[[ SUPPLIED INFORMATION, beginning ]]
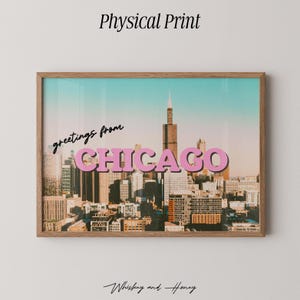 Greetings From Chicago Art Print | Mid-Century Modern Poster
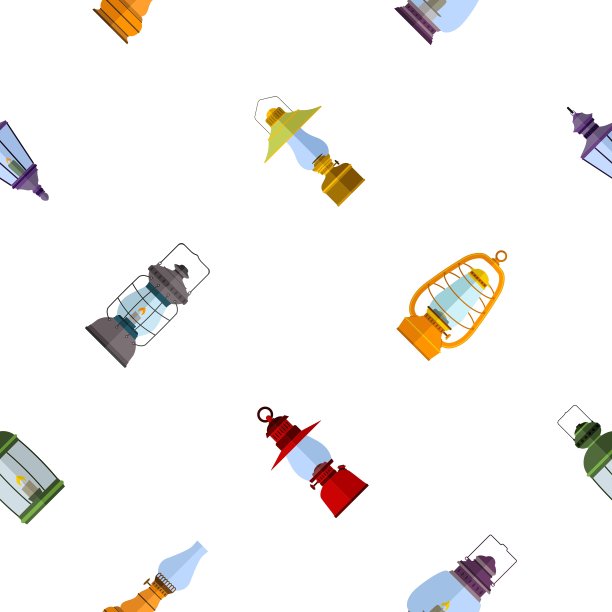 无缝花灯图案图片下载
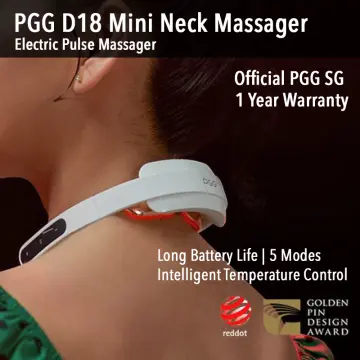 Folding Portable Neck Massager 5 Modes Massage Pulse Infrared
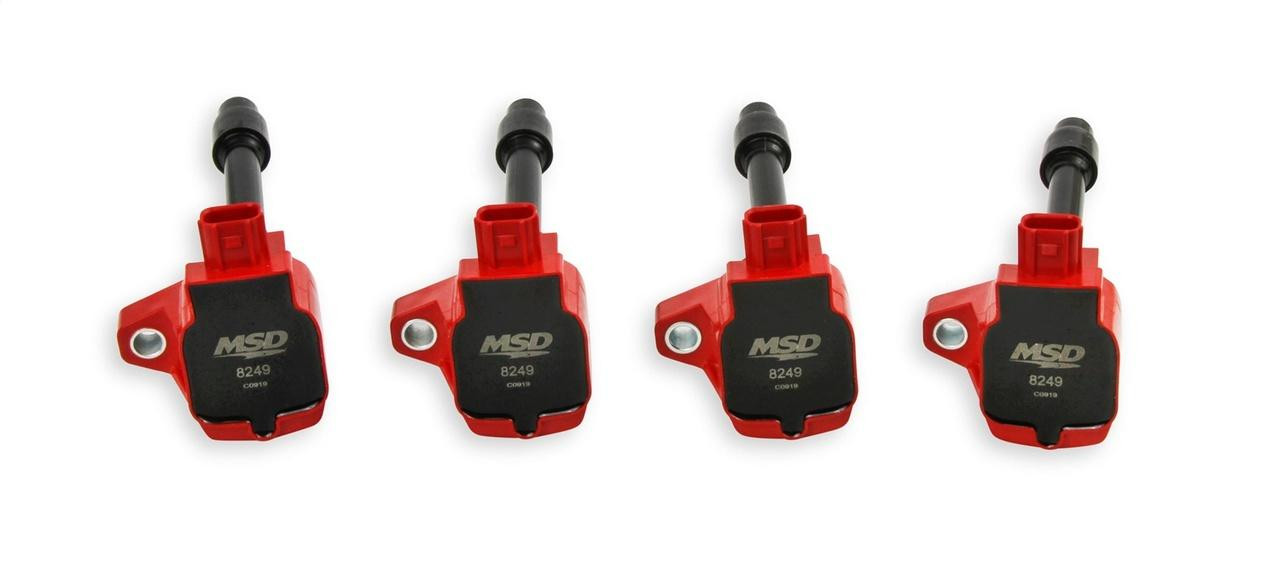 MSD 15-19 Honda w/1.5L, Blaster Direct Ignition Coil Set, Red, 4-Pack - MSD-82494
[[ SUPPLIED INFORMATION, end ]]
# EXERCISE REQUIREMENTS:
Could you reproduce all of the material exactly? Keep the pictures out of it.

# PROBLEM SOLUTION:
 Greetings From Chicago Art Print | Mid-Century Modern Poster
 无缝花灯图案图片下载
 Folding Portable Neck Massager 5 Modes Massage Pulse Infrared
 MSD 15-19 Honda w/1.5L, Blaster Direct Ignition Coil Set, Red, 4-Pack - MSD-82494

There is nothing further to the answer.